Verordening financieel beleid, beheer en organisatie (artikel 212 Gemeentewet) Gemeente West Maas en Waal 2023

 

 

 

Paragraaf 1. Algemene bepalingen

 

Artikel 1. Definities

In deze verordening wordt verstaan onder:

- administratie: het systematisch verzamelen, vastleggen, verwerken en verstrekken van informatie ten behoeve van het besturen, functioneren en beheersen van de gemeentelijke organisatie en de verantwoording die daarover moet worden afgelegd.

- overheidsbedrijf: onderneming met privaatrechtelijke rechtspersoonlijkheid, niet zijnde een personenvennootschap met rechtspersoonlijkheid, waarin de gemeente, al dan niet tezamen met een of meer andere publiekrechtelijke rechtspersonen, in staat is het beleid te bepalen of een onderneming in de vorm van een personenvennootschap, waarin een publiekrechtelijke rechtspersoon deelneemt.

- financiële rechtmatigheidsverantwoording: de rapportage van burgemeester en wethouders waarbij aangegeven wordt in welke mate de totstandkoming van de financiële beheershandelingen en de vastlegging daarvan overeenstemmen met de relevante wet- en regelgeving.

 

 

Paragraaf 2. Begroting en verantwoording

 

Artikel 2. Vaststelling programma-indeling en paragrafen

1. De raad stelt bij aanvang van iedere raadsperiode een programma-indeling voor die raadsperiode vast.

2. De raad stelt bij aanvang van iedere raadsperiode op voorstel van burgemeester en wethouders per programma vast:

a. de taakvelden, en

b. de beleidsindicatoren.
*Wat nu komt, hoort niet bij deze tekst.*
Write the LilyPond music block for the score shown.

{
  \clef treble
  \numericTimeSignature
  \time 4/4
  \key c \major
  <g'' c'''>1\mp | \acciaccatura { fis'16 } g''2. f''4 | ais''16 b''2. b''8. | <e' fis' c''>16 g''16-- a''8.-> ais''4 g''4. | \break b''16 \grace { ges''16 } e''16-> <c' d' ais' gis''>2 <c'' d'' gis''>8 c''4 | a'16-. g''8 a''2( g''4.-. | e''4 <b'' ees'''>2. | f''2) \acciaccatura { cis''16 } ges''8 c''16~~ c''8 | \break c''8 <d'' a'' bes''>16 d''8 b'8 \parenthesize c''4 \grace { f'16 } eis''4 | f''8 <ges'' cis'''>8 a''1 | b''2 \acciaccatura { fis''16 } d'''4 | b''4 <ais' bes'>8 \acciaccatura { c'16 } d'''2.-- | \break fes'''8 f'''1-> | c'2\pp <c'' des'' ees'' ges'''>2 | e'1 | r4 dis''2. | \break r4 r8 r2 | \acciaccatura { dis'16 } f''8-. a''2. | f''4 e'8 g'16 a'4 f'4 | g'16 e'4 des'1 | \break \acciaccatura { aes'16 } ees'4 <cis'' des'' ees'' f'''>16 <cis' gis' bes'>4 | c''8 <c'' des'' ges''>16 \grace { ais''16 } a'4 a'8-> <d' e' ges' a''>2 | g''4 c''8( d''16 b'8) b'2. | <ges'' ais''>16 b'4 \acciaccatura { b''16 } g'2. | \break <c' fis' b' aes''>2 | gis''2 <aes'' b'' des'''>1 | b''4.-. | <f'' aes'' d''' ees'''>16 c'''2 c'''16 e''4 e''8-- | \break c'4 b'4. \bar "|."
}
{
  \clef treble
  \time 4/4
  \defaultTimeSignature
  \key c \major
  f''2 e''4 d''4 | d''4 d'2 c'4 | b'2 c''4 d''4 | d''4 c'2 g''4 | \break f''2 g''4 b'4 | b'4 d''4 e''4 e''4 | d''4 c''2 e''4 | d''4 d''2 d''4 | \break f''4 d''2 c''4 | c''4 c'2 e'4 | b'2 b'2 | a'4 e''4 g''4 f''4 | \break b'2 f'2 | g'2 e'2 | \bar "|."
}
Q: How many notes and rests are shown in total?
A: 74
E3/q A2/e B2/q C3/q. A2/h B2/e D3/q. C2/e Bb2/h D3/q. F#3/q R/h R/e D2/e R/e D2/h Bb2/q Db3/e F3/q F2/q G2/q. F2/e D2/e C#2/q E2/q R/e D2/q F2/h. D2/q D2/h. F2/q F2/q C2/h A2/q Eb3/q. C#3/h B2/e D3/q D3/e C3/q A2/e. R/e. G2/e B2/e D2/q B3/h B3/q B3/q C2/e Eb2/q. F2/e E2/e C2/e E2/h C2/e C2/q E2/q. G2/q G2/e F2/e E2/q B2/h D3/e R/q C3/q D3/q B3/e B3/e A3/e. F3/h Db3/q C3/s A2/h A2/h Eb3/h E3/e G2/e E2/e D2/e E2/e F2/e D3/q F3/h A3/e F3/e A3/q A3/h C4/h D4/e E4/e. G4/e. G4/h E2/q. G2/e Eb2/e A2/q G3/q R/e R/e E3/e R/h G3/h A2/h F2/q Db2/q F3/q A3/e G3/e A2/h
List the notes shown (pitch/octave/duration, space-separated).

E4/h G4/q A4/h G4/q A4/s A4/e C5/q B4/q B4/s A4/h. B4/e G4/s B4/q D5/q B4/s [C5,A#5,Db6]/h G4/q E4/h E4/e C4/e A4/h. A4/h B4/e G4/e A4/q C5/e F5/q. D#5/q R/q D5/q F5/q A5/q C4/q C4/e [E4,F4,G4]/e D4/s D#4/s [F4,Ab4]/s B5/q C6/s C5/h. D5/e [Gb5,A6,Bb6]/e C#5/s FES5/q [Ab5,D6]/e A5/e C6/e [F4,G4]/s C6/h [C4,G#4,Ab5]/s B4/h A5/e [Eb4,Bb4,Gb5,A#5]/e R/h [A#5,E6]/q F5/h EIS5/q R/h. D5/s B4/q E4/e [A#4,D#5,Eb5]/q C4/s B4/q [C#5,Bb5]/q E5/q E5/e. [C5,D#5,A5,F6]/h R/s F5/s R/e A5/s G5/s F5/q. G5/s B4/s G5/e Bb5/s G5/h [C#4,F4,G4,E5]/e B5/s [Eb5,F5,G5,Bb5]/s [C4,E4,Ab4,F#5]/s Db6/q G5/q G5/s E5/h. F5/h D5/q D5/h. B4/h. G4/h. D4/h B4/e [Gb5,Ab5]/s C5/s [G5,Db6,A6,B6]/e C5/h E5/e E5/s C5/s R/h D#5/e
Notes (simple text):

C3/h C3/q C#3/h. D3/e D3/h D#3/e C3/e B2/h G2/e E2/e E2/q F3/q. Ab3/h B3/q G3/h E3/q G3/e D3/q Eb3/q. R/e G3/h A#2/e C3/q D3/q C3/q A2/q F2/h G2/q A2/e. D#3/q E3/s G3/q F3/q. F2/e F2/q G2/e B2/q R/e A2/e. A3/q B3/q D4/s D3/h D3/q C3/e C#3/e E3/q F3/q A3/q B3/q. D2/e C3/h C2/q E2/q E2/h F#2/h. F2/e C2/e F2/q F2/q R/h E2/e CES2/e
Het voorstel van burgemeester en wethouders bevat in ieder geval de verplichte beleidsindicatoren, bedoeld in artikel 25, tweede lid, onder a, van het Besluit begroting en verantwoording provincies en gemeenten.

3. De raad stelt bij aanvang van iedere raadsperiode een nadere onderverdeling van de programma’s vast.

4. De raad stelt bij aanvang van iedere raadsperiode vast over welke onderwerpen hij in extra paragrafen naast de verplichte paragrafen van de begroting en de jaarstukken kaders wil stellen en wil worden geïnformeerd.

 

Artikel 3. Inrichting begroting en jaarstukken

1. Bij de uiteenzetting van de financiële positie in de begroting wordt:

a. van de nieuwe investeringen per investering het benodigde investeringskrediet weergegeven en wordt van de lopende investeringen het geautoriseerde investeringskrediet en de raming van de uitputting van het investeringskrediet in het lopende boekjaar weergegeven, en

b. in aanvulling op het bepaalde in de artikelen 20 en artikel 21 van het Besluit begroting en verantwoording provincies en gemeenten inzicht gegeven in de ontwikkeling van de schuldpositie als gevolg van de begroting, de meerjarenraming, de investeringen en de grondexploitatie.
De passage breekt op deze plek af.